Build and Deploy an Offline AI Application for Edge Environments

Many production scenarios require AI to run without any internet connection: factory floors, medical devices, remote field equipment, and classified environments. This guide walks through the complete workflow of selecting a model that fits your hardware, downloading it ahead of time, configuring the inference backend for your device, and packaging everything into a self-contained .NET deployment that runs fully offline.

Why Offline AI Deployment Matters

Two enterprise problems that offline edge AI solves:

Data sovereignty and air-gapped compliance. Defense contractors, healthcare organizations, and financial institutions operate networks that are physically disconnected from the internet. Sending patient records or classified documents to a cloud API is not an option. A local LLM embedded in the application keeps all data on-premises, simplifying compliance with ITAR, HIPAA, and SOC 2.
Field operations with no connectivity. Offshore oil rigs, disaster relief teams, and agricultural inspectors work in environments where internet access is unreliable or nonexistent. An AI assistant that requires an API call for every prompt is unusable. An offline model on a ruggedized laptop works anywhere.

Prerequisites

Requirement	Minimum
.NET SDK	8.0+
VRAM	Varies by model (see Step 2)
Disk	1 to 15 GB depending on model size

Step 1: Create the Project

dotnet new console -n OfflineAiApp
cd OfflineAiApp
dotnet add package LM-Kit.NET

Step 2: Choose a Model That Fits Your Hardware

The model catalog contains predefined models with metadata about size, quantization level, capabilities, and context length. Use this metadata to pick a model that fits your target device.

using LMKit.Model;

// List all predefined models with their memory requirements
var models = ModelCard.GetPredefinedModelCards();

Console.WriteLine($"{"Model ID",-30} {"Size (MB)",10} {"Quant",8} {"Ctx",6} {"Capabilities"}");
Console.WriteLine(new string('-', 90));

foreach (var card in models)
{
    // Skip embedding and speech models for this example
    if (!card.Capabilities.HasFlag(ModelCapabilities.Chat))
        continue;

    double sizeMB = card.FileSize / (1024.0 * 1024.0);
    Console.WriteLine(
        $"{card.ModelID,-30} {sizeMB,10:F0} {card.QuantizationPrecision,8:F1} {card.ContextLength,6} {card.Capabilities}");
}

A practical rule of thumb: the model file size is roughly the minimum VRAM needed for inference. A 2 GB model needs approximately 2 GB of VRAM (plus overhead for the KV-cache and context).

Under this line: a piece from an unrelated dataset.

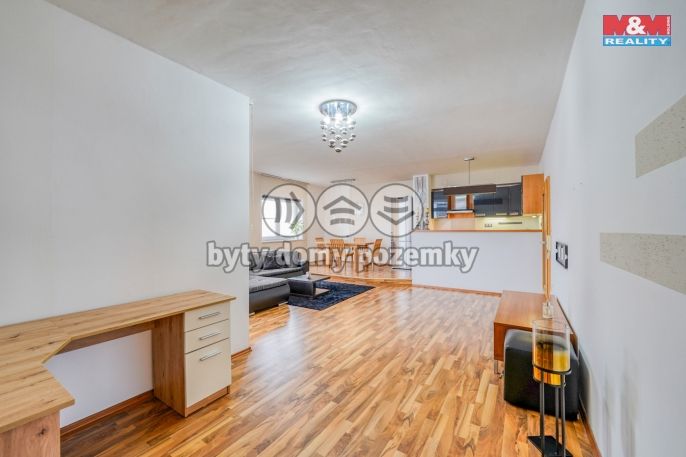 Pronájem, Byt 3+kk, Plzeň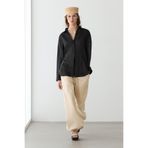 Massimo Dutti %100 rami dökümlü gömlek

Target Device	VRAM Budget	Recommended Models
Low-end laptop (no GPU)	CPU only	`gemma3:1b`, `qwen3:0.6b`, `phi4-mini:3.8b`
Mid-range laptop (4 GB GPU)	~4 GB	`gemma3:4b`, `qwen3:4b`
Workstation (8+ GB GPU)	8+ GB	`qwen3:8b`, `gemma3:12b`, `llama3.1:8b`
Server (16+ GB GPU)	16+ GB	`qwen3:14b`, `phi4:14.7b`, `gemma3:27b`

For edge AI scenarios, prefer smaller models with higher quantization. A gemma3:4b model at Q4_K_M quantization provides excellent quality-to-size ratio for most tasks.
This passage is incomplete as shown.